Sales per day(1日の売り上げ)
Company A(A社) | Company B(B社) | Company C(C社) |
$8,250 | $7,500 | $7,680 |
プレゼンテーションに慣れていない人の一般的な傾向として、1枚のスライドにできる限りの多くの情報を詰め込もうとしてしまうということが挙げられます。
これは大原則として避けたほうがよいでしょう。スライドに書いてあることを一字一句読むのは、書類を渡して音読してあげる作業と同じですので、わざわざプレゼンテーションをする意味がなくなってしまいます。
自分がぱっと見て理解できないスライドは、聞き手も理解できないと思って間違いないでしょう。
数字を使って具体的に内容を提示していても、ただごちゃごちゃと並べてしまうのは非常にもったいないことです。必要ない数字は削る、あるいは別のスライドで提示すべきかを検討しましょう。
当たり前のことに聞こえますが、プレゼンテーションをし慣れていないと意外と難しいのが図表の種類の選択です。
どのような図表を使用すべきかを考える際には、基本的な情報として以下を頭に入れておきましょう。
通常、集められた情報をシンプルに見せるのに使用される。それぞれの列や行に項目や値が入る。
データの分類や比較に適しており、データ同士の関係を示すものではない。
“Figures” には、さまざまなグラフ(円グラフ、棒グラフ、折れ線グラフなど)、チャート(フローチャート、ガントチャートなど)、写真、絵などが含まれる。
データの間にどんな関係があるのかといったパターンを示すために使用することが適切。
図表には、それが何を表しているのかすぐにわかる見出しをつけましょう。
表(Table)のタイトルにはローマ数字を使用して、番号を振ることが一般的(例:Table I)。タイトルは表の上部に記載します。
図(Figures)のタイトルは、一般にアラビア数字で(例:Figure 1)下部に表記します。
同じ単位で構成されている図表は、一つにまとめることができるかもしれませんので見直しましょう。
一つの表にデータがまとめられていれば、聞き手はスライドを見比べることなくデータを比較することができます。

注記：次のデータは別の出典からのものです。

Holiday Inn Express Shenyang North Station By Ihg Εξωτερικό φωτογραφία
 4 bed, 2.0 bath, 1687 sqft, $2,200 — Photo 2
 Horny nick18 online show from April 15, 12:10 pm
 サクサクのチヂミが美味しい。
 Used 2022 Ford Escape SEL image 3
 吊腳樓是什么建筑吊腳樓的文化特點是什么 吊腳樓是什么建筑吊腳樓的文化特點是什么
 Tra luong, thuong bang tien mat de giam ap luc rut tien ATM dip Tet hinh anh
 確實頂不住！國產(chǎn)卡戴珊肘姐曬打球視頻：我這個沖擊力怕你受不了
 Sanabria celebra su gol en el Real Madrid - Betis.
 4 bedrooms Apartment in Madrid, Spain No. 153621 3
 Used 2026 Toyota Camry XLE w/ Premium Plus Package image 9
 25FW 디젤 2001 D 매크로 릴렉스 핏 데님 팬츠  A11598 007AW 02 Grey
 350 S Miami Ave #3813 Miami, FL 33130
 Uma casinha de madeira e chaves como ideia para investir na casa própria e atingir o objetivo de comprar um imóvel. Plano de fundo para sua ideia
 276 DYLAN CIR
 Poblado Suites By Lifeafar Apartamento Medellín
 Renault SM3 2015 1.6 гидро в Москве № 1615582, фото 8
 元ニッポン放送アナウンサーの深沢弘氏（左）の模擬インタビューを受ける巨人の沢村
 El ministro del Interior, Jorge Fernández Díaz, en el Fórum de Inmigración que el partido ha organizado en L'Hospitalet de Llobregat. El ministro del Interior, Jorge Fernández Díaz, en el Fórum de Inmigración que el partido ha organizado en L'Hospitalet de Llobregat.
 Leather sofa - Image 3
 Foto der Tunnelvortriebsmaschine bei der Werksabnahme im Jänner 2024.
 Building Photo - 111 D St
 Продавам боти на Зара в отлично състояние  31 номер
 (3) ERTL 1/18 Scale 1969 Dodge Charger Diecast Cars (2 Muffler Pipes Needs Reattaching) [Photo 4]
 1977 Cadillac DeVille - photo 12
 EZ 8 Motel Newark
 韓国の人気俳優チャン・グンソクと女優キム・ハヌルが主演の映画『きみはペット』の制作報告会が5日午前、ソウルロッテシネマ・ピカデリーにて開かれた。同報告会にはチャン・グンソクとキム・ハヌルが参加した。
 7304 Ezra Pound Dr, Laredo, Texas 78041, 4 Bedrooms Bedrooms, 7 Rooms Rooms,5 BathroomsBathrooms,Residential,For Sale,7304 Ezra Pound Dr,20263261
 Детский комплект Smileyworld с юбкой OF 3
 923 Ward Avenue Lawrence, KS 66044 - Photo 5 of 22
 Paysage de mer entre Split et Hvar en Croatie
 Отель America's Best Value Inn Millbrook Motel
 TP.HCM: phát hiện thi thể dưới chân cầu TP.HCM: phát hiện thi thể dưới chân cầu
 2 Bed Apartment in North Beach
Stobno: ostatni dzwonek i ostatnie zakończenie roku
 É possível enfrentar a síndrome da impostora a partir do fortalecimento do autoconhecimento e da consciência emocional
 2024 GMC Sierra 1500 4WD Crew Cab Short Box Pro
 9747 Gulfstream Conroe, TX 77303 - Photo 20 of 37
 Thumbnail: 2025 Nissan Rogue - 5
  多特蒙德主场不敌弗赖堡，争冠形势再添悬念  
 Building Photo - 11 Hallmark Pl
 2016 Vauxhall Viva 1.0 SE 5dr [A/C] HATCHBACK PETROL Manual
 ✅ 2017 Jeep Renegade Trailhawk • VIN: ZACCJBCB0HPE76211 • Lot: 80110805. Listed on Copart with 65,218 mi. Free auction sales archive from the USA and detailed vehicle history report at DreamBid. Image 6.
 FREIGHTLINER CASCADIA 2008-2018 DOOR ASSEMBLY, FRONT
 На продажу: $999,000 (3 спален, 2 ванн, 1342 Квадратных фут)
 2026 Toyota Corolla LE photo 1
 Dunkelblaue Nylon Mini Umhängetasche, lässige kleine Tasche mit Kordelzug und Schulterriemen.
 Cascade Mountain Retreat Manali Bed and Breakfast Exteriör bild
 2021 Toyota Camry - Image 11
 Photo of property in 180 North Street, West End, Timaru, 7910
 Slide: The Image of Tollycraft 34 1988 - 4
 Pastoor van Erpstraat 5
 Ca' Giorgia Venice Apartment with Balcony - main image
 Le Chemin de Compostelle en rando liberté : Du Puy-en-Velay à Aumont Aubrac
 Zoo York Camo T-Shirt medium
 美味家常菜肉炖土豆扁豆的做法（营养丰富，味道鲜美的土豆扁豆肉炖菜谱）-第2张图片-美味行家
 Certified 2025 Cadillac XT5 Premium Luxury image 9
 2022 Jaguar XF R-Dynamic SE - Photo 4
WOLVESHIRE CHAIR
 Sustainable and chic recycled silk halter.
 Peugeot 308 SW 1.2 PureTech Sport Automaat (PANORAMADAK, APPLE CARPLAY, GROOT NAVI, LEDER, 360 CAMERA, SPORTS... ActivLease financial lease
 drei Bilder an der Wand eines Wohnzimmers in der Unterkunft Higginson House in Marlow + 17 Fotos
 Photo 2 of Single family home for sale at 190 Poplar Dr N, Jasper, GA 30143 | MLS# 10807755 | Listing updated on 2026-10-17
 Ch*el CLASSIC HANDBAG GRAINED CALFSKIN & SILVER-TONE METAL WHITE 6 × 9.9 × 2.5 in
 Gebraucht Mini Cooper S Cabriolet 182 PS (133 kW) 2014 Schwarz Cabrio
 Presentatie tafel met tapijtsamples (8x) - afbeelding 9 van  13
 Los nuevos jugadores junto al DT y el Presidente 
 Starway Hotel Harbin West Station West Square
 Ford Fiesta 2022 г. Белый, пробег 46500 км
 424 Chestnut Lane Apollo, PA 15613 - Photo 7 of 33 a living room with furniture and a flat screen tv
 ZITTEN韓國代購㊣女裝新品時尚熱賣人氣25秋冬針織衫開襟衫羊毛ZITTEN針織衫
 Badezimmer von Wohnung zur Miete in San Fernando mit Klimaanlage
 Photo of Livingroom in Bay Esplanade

人の視線は「左から右」、「上から下」に流れる傾向があるのだそうです。
英語は縦書きにしないのであまり問題にならないことも多いですが、特に図表を使用する場合は、この流れを意識しておくとよいでしょう。
また使用する色は目に優しいものを選び、2色程度にすると見やすいスライドになります。目を凝らさなければ見えないサイズのフォントは避けましょう。フォントサイズの違いを利用して、重要な箇所を目立たせるのも効果的です。
英語でのプレゼンテーションとなると、内容を英語にすることに力を注いでしまうばかりに、その他の部分をつい疎かにしてしまいがちです。
しかし、数字や図表を効果的に使用することができれば、英語が流暢でないために伝わりにくい部分を補うことができるだけでなく、プレゼンター自身の混乱を防ぐことにもつながりますし、英語の強化に時間を割くことも可能になるでしょう。
少しの改善を加えるだけでプレゼンテーションの質を大きく上げることができるので、準備をしたら今回ご紹介したポイントをぜひ一度確認してみてください。